For those of you interested in your food choices, here is an interesting article, The Danger of Not Eating Tuna. I like to mix up canned salmon (or tuna) with relish, spices, and mayo and put it on toast for a tasty and somewhat healthy lunch choice. So, I'm always interested in reading about mercury in fish and/or the benefits of eating fish.
Here are a few excerpts from the article:
Just so we know, which fish are higher and which are lower in mercury?
Shellfish are almost all low in mercury because they don't live very long and they're small: shrimp, lobster, crab, scallops. And shellfish have medium levels of omega-3s, similar to other medium-size fish. Salmon are also good. They're high in omega-3s and low in mercury because they're also short-lived.
Light tuna is low in mercury, compared with white (albacore) or red (bluefin) tuna. On average white tuna has three times the mercury as light tuna. But on average white tuna has three times the omega-3s as light tuna — and all the evidence that we can see suggests that omega-3s have more benefit than mercury has harm.
The bottom line
The bottom line is that there's inconclusive evidence that mercury has any long-term effects in adults at the levels that are commonly consumed, and that even if there are effects, studies suggest that they are only to lessen the benefit of the fish. That's important from a public health perspective — we might be getting even more benefit from fish on a population level if we took the mercury out, and that's a very important question that should be answered. But that doesn't mean that the individual person trying to decide on a fish meal should worry about mercury.

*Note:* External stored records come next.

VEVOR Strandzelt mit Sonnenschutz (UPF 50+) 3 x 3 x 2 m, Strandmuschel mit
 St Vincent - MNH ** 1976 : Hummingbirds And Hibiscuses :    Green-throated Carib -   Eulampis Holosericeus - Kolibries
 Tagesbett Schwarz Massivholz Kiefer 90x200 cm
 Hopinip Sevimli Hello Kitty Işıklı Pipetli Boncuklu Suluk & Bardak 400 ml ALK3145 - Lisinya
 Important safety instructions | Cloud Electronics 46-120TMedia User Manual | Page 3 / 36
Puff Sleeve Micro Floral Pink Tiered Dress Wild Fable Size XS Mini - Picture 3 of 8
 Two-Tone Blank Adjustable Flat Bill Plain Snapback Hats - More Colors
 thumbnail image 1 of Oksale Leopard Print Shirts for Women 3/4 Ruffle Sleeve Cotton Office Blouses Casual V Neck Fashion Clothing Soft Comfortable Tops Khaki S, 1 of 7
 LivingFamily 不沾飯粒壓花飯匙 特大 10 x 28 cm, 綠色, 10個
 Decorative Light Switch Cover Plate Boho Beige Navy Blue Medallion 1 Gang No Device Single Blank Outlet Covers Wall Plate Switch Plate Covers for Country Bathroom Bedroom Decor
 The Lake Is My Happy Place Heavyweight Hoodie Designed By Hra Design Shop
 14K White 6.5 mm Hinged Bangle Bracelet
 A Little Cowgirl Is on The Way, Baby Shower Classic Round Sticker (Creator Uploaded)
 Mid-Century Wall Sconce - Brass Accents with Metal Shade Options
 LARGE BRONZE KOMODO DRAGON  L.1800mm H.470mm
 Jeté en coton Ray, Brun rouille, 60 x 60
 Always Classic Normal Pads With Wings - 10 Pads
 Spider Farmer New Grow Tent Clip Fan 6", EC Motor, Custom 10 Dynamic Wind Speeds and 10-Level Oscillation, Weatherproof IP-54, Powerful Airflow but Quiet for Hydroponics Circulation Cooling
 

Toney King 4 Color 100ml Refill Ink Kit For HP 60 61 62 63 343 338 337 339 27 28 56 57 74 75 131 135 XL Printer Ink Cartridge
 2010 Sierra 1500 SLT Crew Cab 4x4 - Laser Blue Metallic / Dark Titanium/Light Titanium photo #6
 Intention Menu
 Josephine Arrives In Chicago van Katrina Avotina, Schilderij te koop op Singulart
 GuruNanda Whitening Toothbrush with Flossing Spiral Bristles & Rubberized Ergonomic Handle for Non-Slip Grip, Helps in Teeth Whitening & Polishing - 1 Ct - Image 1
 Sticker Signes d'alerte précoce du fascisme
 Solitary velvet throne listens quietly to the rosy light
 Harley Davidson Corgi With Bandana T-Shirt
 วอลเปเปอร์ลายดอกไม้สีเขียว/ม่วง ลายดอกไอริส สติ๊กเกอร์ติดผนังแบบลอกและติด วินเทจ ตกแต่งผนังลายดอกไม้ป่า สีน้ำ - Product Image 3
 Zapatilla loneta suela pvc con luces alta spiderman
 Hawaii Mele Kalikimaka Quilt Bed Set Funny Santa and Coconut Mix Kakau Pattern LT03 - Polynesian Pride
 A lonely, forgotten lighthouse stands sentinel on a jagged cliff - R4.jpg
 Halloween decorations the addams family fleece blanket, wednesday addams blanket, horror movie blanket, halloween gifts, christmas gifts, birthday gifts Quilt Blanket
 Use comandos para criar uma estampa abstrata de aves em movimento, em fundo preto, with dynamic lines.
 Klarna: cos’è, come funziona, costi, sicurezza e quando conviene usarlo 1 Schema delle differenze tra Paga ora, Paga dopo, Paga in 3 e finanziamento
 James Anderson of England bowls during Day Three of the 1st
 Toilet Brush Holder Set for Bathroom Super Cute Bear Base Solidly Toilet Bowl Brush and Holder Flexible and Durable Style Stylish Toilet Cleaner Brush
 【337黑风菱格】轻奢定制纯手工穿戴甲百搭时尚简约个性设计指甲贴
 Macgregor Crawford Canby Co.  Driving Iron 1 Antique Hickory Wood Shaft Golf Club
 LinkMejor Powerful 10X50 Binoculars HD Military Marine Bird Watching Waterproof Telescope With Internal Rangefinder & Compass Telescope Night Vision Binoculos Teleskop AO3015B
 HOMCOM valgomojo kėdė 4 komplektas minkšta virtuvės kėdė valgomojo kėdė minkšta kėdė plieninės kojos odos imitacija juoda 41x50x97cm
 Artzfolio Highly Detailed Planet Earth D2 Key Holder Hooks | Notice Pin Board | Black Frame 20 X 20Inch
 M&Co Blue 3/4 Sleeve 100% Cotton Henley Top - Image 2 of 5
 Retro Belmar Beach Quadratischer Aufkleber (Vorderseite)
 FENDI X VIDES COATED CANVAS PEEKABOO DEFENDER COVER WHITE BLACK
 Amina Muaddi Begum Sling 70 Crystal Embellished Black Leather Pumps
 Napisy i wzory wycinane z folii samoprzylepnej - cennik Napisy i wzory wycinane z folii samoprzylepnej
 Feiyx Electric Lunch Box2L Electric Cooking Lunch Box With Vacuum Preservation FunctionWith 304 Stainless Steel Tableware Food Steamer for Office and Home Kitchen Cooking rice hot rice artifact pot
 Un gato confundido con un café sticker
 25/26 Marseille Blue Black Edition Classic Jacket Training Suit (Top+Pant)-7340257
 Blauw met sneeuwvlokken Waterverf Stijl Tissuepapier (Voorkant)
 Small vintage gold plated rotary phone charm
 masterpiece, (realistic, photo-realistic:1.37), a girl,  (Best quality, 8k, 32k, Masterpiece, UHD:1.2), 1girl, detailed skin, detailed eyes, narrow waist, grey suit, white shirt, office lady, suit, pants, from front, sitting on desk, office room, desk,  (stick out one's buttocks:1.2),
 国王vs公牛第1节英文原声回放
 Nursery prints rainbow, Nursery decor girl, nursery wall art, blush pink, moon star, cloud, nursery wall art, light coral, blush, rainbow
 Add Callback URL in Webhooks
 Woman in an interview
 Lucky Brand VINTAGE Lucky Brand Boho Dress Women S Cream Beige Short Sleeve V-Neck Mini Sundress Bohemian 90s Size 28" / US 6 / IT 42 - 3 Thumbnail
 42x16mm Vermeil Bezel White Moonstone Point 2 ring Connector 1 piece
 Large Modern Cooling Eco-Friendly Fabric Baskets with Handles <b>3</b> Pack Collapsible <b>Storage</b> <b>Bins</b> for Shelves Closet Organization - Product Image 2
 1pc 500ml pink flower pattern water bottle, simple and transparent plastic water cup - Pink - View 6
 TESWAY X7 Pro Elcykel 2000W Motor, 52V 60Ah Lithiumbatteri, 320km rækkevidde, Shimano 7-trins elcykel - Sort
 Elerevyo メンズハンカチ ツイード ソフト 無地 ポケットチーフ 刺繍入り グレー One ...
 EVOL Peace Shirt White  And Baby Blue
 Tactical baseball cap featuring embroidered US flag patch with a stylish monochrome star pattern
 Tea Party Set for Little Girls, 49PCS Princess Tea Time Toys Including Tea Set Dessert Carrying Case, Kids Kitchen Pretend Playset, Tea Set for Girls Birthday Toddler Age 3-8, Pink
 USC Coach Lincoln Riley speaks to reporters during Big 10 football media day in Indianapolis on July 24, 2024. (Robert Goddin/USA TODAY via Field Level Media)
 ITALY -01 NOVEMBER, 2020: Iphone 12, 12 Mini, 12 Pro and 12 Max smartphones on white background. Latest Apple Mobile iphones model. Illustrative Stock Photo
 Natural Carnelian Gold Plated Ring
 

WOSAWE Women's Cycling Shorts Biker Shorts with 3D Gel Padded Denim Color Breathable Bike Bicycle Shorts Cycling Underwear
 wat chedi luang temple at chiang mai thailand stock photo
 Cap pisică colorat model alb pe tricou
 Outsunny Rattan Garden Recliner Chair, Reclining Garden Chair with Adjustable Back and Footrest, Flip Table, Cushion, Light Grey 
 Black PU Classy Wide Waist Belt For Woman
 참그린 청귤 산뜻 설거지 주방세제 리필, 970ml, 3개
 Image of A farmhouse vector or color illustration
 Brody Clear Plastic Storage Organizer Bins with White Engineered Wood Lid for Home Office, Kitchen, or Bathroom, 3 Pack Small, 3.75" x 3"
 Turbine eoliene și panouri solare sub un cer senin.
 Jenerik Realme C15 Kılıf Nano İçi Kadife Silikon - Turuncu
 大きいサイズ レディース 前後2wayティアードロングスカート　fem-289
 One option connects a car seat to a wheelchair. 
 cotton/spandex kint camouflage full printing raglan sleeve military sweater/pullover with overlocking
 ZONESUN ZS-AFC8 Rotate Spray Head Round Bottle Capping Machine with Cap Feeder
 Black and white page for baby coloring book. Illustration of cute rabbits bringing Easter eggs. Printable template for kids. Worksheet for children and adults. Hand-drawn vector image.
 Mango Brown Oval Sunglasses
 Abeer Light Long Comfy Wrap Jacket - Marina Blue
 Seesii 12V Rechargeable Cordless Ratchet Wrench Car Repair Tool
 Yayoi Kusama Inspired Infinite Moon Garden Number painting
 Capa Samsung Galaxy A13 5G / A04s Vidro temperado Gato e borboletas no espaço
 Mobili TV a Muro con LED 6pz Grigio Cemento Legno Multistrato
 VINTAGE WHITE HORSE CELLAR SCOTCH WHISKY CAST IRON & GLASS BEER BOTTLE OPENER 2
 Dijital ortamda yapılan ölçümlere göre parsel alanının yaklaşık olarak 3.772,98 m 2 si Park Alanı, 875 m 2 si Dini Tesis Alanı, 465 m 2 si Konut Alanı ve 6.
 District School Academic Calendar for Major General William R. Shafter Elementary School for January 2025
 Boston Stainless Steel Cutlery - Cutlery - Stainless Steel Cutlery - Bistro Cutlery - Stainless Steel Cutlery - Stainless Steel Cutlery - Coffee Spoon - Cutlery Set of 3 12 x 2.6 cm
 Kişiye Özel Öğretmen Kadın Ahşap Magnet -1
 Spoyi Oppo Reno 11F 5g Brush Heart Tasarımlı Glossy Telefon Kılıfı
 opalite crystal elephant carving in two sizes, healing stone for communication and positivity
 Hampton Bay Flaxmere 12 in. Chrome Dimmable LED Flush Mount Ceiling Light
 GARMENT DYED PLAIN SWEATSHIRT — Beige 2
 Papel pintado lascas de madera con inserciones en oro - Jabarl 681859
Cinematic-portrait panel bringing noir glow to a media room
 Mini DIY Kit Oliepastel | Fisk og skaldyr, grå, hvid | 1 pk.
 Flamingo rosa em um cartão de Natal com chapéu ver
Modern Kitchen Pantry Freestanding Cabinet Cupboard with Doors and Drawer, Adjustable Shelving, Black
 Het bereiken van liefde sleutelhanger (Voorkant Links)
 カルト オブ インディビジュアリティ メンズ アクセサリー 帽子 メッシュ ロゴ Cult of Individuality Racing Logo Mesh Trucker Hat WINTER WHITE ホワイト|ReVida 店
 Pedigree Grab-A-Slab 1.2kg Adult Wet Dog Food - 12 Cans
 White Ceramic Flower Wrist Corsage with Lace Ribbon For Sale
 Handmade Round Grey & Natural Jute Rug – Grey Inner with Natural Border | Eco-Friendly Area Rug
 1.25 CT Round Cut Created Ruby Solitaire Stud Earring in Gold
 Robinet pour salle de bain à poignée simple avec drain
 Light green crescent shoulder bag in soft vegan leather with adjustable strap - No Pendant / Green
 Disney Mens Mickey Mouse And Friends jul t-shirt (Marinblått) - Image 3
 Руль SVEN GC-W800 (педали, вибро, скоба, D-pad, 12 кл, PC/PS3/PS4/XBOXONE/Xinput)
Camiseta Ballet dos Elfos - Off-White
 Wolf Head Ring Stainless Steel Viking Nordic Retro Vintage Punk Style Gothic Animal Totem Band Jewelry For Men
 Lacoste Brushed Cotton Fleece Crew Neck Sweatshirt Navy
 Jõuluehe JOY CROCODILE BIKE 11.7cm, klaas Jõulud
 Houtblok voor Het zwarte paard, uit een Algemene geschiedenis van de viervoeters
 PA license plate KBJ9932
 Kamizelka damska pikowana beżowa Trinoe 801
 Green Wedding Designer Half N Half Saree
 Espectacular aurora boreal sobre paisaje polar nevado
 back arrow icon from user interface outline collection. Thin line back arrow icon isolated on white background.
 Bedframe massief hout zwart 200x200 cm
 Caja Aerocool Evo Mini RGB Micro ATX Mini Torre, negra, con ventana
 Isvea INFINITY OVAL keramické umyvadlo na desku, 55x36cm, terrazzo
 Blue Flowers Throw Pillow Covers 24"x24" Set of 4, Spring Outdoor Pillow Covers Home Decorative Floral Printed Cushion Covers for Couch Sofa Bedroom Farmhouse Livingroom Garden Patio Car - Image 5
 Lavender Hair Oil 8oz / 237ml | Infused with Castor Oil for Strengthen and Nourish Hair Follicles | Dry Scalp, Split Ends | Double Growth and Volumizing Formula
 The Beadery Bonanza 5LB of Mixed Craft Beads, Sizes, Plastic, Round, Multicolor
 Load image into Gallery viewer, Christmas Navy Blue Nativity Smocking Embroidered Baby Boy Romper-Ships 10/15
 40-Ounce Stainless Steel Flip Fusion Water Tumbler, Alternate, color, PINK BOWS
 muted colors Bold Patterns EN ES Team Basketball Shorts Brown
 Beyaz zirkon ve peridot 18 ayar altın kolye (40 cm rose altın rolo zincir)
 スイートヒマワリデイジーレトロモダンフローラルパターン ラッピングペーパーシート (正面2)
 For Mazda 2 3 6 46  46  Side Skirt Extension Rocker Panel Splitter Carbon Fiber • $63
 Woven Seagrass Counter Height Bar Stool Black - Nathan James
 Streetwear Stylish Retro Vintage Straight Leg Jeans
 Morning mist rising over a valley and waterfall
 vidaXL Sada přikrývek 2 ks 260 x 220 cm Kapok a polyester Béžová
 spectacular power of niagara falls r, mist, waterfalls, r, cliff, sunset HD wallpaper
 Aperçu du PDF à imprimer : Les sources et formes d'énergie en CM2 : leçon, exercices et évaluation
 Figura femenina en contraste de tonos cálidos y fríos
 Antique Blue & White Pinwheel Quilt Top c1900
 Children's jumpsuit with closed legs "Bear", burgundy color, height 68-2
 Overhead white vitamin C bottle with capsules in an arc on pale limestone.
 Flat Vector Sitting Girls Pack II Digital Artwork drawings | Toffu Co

I know I sound like I'm trying to downplay the risk but I really think we are experimenting with people's lives when we give recommendations or write stories or reports that make people eat less fish. We know from very good human studies that fish intake reduces the risk of dying from a heart attack by about a third. And heart attack is the number-one cause of death in the U.S. among both women and men. It's the number-one cause of death in almost every country in the world. And eating fish once or twice a week reduces that risk by a third. So if we're causing people not to eat fish or to choose to eat something other than fish because they're worried that the fish has some mercury in it, they're increasing their risk of dying from a heart attack for a concern that has not been established.